Kostis Kaffes is a software engineer at Google’s Systems Research Group. He is broadly interested in computer systems, cloud computing, and scheduling. He completed his Ph.D. in Electrical Engineering at Stanford University, advised by Christos Kozyrakis, where he focused on end-host, rack-scale, and cluster-scale scheduling for microsecond-scale tail latency. Kostis will be joining Columbia University as an Assistant Professor in July 2023.




Neeraja Yadwadkar

Systems for ML: It’s all about the choices

Abstract

Abstract - This talk focuses on the following fundamental question: What does Machine Learning (ML) need from Systems? I will use inference serving as an example to make a case that the “Systems for ML” research is primarily about making the right choices. Today, many applications rely on inference from machine learning models, especially neural networks. For instance, applications on Facebook issue tens-of-trillions of inference queries per day with different privacy, performance, accuracy, and cost constraints.

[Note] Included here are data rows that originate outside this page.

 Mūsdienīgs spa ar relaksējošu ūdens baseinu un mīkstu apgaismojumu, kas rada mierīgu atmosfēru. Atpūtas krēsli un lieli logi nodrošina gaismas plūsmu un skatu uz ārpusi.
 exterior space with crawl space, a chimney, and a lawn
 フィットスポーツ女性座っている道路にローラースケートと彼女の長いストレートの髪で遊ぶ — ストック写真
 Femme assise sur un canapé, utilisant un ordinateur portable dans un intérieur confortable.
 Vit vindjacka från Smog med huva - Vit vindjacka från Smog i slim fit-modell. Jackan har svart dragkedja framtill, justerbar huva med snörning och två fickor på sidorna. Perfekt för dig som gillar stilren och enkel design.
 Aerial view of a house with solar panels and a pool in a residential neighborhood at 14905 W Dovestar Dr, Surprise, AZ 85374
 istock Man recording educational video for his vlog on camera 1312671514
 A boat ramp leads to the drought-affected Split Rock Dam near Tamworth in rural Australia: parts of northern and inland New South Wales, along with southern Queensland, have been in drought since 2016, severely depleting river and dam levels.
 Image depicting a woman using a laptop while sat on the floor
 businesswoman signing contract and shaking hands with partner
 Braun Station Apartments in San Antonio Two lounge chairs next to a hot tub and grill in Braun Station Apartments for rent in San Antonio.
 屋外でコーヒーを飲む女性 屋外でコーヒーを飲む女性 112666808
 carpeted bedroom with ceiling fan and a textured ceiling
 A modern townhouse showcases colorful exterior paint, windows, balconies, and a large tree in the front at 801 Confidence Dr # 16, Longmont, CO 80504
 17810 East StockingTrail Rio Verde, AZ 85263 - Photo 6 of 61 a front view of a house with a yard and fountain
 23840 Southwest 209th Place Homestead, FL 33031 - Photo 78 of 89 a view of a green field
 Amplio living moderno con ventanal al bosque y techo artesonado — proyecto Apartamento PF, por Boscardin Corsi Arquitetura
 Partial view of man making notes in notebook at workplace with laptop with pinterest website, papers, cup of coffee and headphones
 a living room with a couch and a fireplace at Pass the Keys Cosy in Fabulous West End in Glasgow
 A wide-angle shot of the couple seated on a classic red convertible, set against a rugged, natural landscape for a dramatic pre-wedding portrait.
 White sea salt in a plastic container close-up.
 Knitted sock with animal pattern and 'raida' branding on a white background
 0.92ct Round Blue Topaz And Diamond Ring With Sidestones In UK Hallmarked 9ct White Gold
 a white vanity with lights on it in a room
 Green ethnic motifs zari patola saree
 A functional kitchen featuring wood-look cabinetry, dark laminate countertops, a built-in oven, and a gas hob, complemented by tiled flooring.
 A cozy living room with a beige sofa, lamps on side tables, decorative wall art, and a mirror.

Unfortunately, existing distributed inference serving systems ignore ease-of-use and hence result in significant cost inefficiency, especially at large scales. Existing systems force developers to manually search through thousands of model-variants — versions of already-trained models with differing hardware, resource footprints, latencies, costs, privacy, and accuracies — to meet the diverse application requirements. As requirements, query load, and applications themselves evolve over time, developers must make these decisions dynamically for each inference query to avoid excessive costs through naive autoscaling. To avoid navigating through the large and complex trade-off space of model-variants, developers often fix a variant across queries and replicate it when load increases. However, given the diversity across variants and hardware platforms across the cloud-edge spectrum, a lack of understanding of the trade-off space incurs significant costs. For applications to use machine learning, we must automate issues that affect ease-of-use, privacy, performance, and cost efficiency for users and providers. We argue for managed distributed inference serving for a variety of models, across the cloud-edge spectrum.

Bio

Neeraja is an assistant professor in the department of Electrical and Computer Engineering at UT Austin. She is a Cloud Computing Systems researcher, with a strong background in Machine Learning (ML). Most of her research straddles the boundaries of Systems and ML: using and developing ML techniques for systems, and building systems for ML. Before joining UT Austin, she was a postdoctoral fellow in the Computer Science department at Stanford University, and before that, received her PhD in Computer Science from UC Berkeley. She had previously earned a bachelors in Computer Engineering from the Government College of Engineering, Pune, India.